Conventional cricket statistics fall short because they cannot factor in context. VVS Laxman retired with only 17 Test centuries, and an average just under 46. In the modern age, with pitches where even 300-run chases are becoming routine, those figures are unremarkable. But they also reveal how stupid we are to give so much importance to certain numbers.
Each year, you see at least a dozen pedestrian Test hundreds that won't be remembered the following week. Laxman played two of the greatest innings of the past decade - 73 against Australia at Mohali when he could barely walk, leave alone bend, and a 96 at Kingsmead, when no other batsman crossed 40. Many Test centuries aren't fit to be mentioned in the same sentence as those two innings.
If you skim through the numbers with little concern for context, they'll tell you that the India-England series should be a more gripping contest than that between Australia and South Africa. In the two decades since South Africa were readmitted to the international fold, Australia have won 19 and lost just eight of the 32 Tests they've played. Three of the South African wins were in dead rubbers.
Contrast that with India and England who have played 25 Tests in the same period. India edge it eight-seven, but you'd be hard-pressed to find one game from the lot that's remembered as a classic. Not one of the matches went to the wire or left you sitting on the edge of a seat, wan-faced and with no nails left to bite.
South Africa against Australia may not have been a clash of equals, but the two teams have made a habit of conjuring up some of the greatest matches in the game's long history. Marvin Hagler against Thomas Hearns lasted just three rounds in 1985, but the first was boxing at its most primal and brutal - fighting of such white-hot intensity that Hearns broke a hand.
Cast your eye back over the Australia-South Africa series of the past 20 years and you'll find that almost each one has produced a game for the ages. At Sydney in 1994, it was Fanie de Villiers that inspired a five-run South African heist. At Port Elizabeth three years later, with Allan Donald bowling like a zephyr and on a pitch where no one else crossed 55, Mark Waugh chiselled out 116 of the classiest and bravest runs you could hope to see. Australia won by two wickets.
At Newlands ten years ago, Ricky Ponting finished unbeaten on 100 as Australia chased down 331 to take the series. At the SCG four years later, he walloped 143 off just 159 balls as Australia made a mockery of the pursuit of 288, at a venue where more than 200 had not been chased in over a century.

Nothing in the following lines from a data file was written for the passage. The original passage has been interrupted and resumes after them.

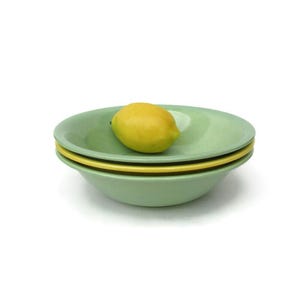 May include: Three green bowls stacked on top of each other, with a yellow lemon on top of the bowls.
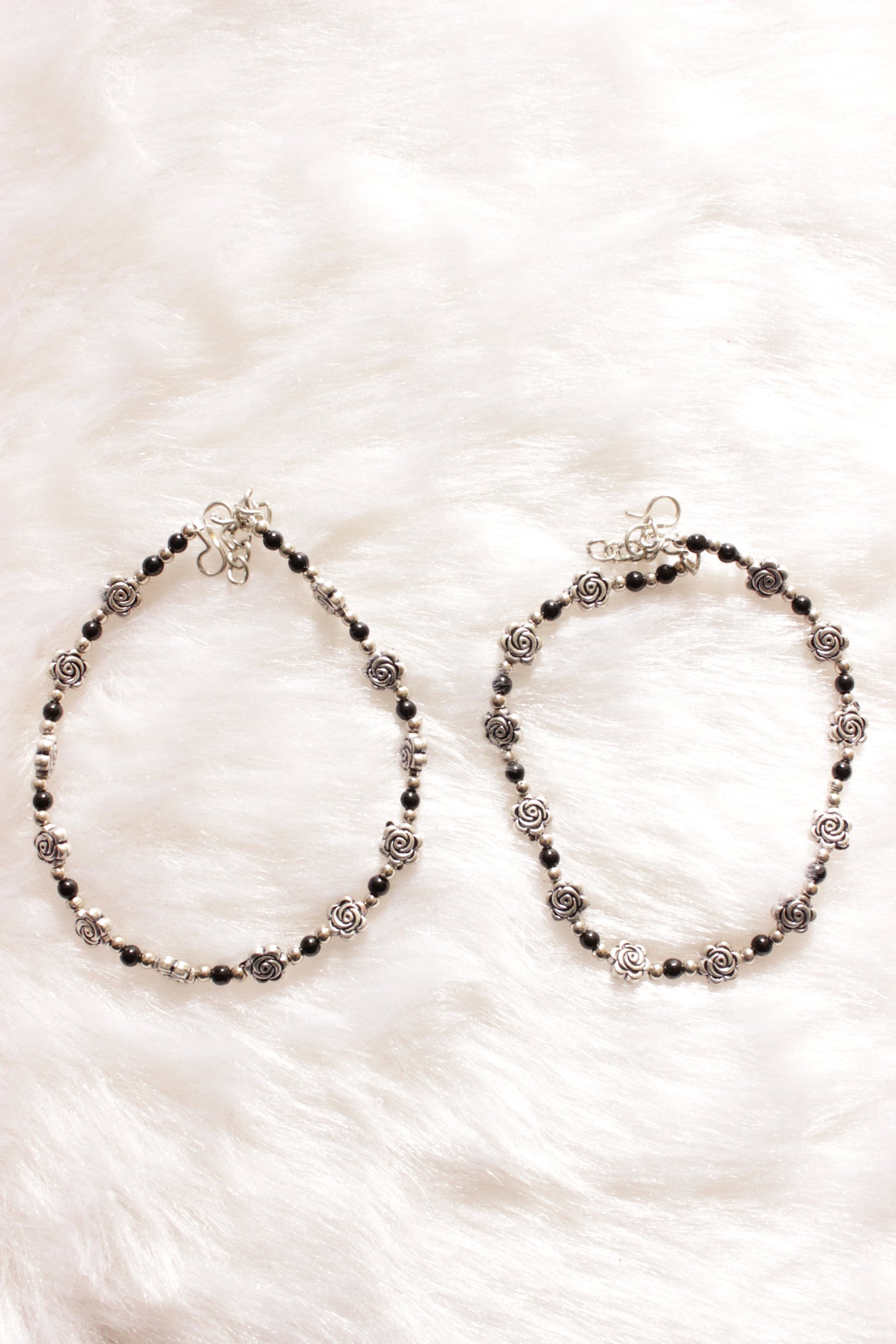 Silver Finish Flower Motif Charms Intertwined with Black Beads Set of 2 Anklets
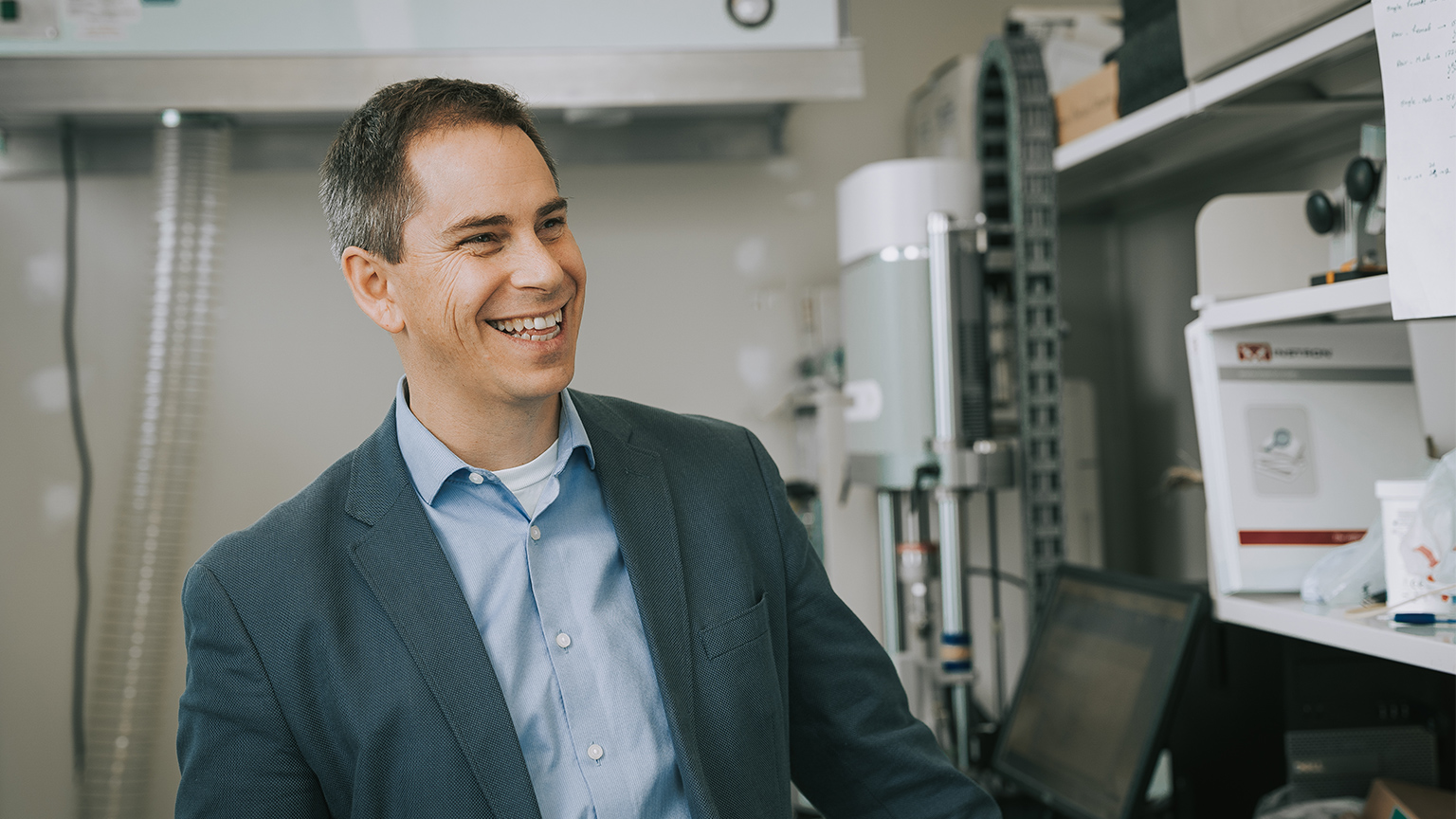 Greg Wohl smiling in a lab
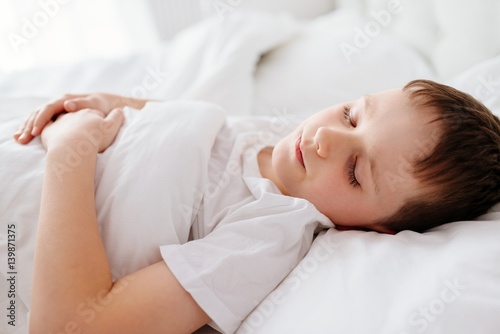Little boy child sleeping in bed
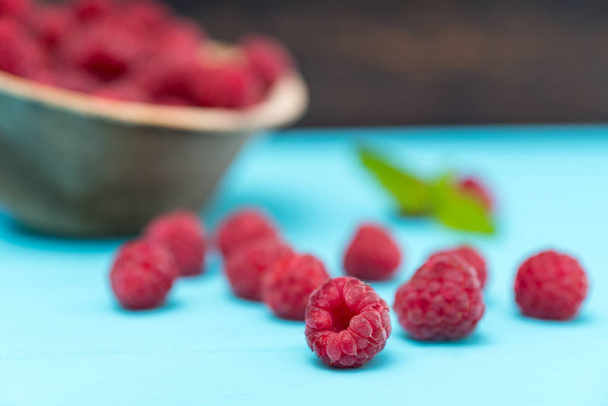 Freshly picked raspberries on blue table against bowl of fruits - Foto, Imagen
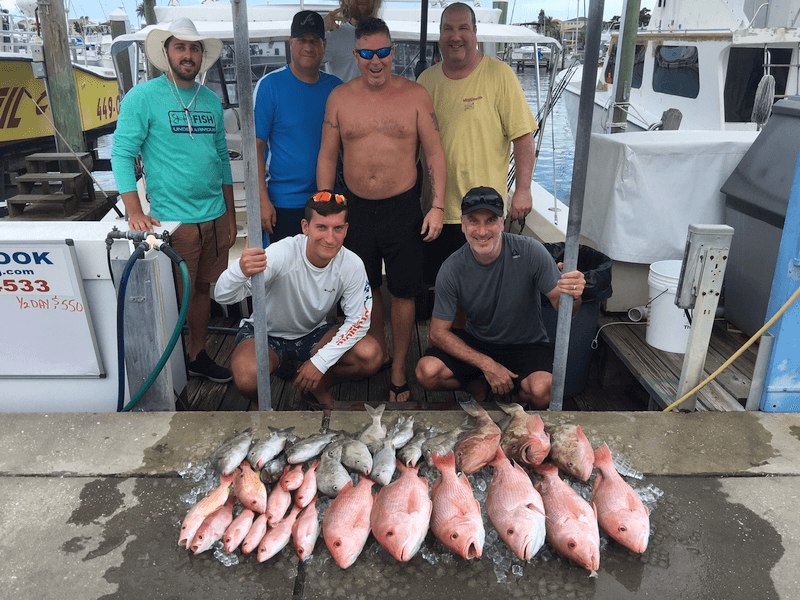 Double Hook fishing group with their catch displayed at the dock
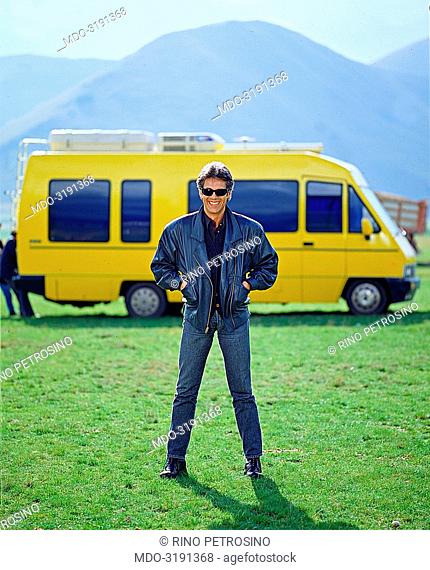 Italian song writer Claudio Baglioni (Claudio Enrico Paolo Baglioni) posing in front of the yellow van which drove him on his tour in ncentral Italy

In the return series, Damien Martyn's 101 was instrumental in the overhauling of 292 at the Wanderers. That two-wicket margin was reprised at the same venue last year, with Pat Cummins the hero on debut. Like the bout that they ended up calling The War all those years ago, the two teams continue to deal in hammer blows.
You'll find very little of that drama if you peruse the modern history of the India-England rivalry. Most of the victories on either side have been emphatic. Even the most famous of the lot - India's pursuit of 387 at Chennai four years ago - had an air of inevitability to it once Virender Sehwag mauled the new-ball bowlers to the tune of 83 from just 68 balls. There was certainly tension in the stands at Chepauk that day, but by early afternoon most fans were also getting their heads around the idea that fourth-innings chases were no longer guaranteed debacles like Lord Cardigan's charge in the Crimea.
Over the coming days, you'll see smokescreens and hear plenty of hype - everything from the possible renaissance of Sehwag and Gambhir, to Delhi Belly and mischievous suggestions about Bunsen-burner pitches. But if you really love the game, don't forget to set your alarm clock to catch the action from the Gabba. That's likely to be the contest with the real fizz.